O projecto europeu tenderá, assim, a reforçar-se se os interesses comuns forem defendidos em diversas plataformas ou esferas – desde os interesses partilhados por todos (de segurança e de paz, de sustentabilidade humana e ambiental) até a geometria variável dos interesses comuns parcelares (no sistema monetário, entre fronteiras, nas redes de transportes ou de infra-estruturas, nas plataformas continentais) e, neste particular, uma união de Estados e povos livres e soberanos deverá encontrar pontes de cooperação, de solidariedade e de subsidiariedade.

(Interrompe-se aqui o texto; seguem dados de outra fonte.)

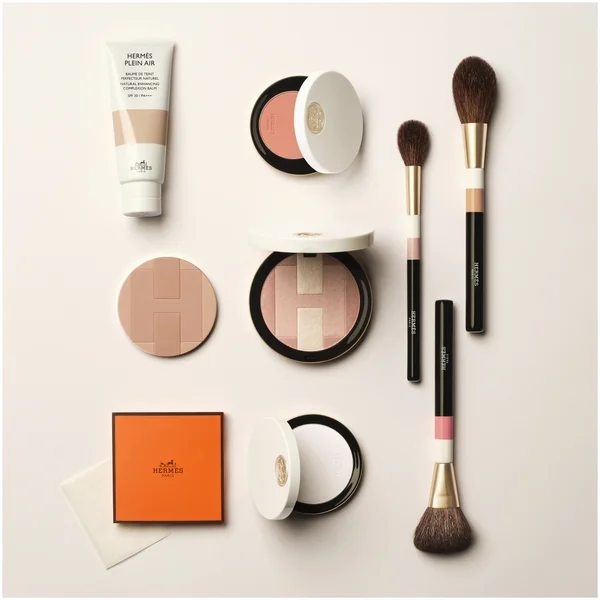 Cult Hermès Face Precision Brush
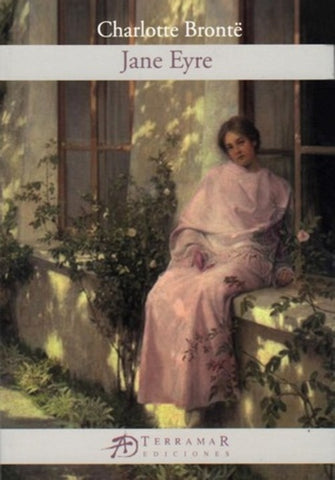 JANE EYRE | Brontë Charlotte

“Saber de experiências feito”. Eis o que se exige, aliado à audácia e à persistência. Falar do Oceano é referir um desafio exigente e tão amplo quanto o é o horizonte para quem navega nos mares, um estimulo sempre renovado, até que encontremos as aves e os sinais que nos indicam a proximidade da natureza e da vida e depois o desenho das costas que nos acolherão. Para os portugueses, o mar deixou de ser lugar de monstros e de mistérios para se tornar um caminho de gesta trágico-marítima, mas fundamentalmente de descoberta e de esperança. Ao falar das Campanhas Oceanográficas do rei D. Carlos, Mário Ruivo faz a síntese necessária, que não podemos esquecer: permitiram «a um certo número de jovens biologistas portugueses contactar directamente com a grande escola do mar e da vida a bordo. Vida que não se coaduna com egoísmos e vaidades; a vida que exige atitudes francas, forja a amizade, a camaradagem, o espírito de sacrifício, o entusiasmo, bases fundamentais de todo o trabalho em equipa».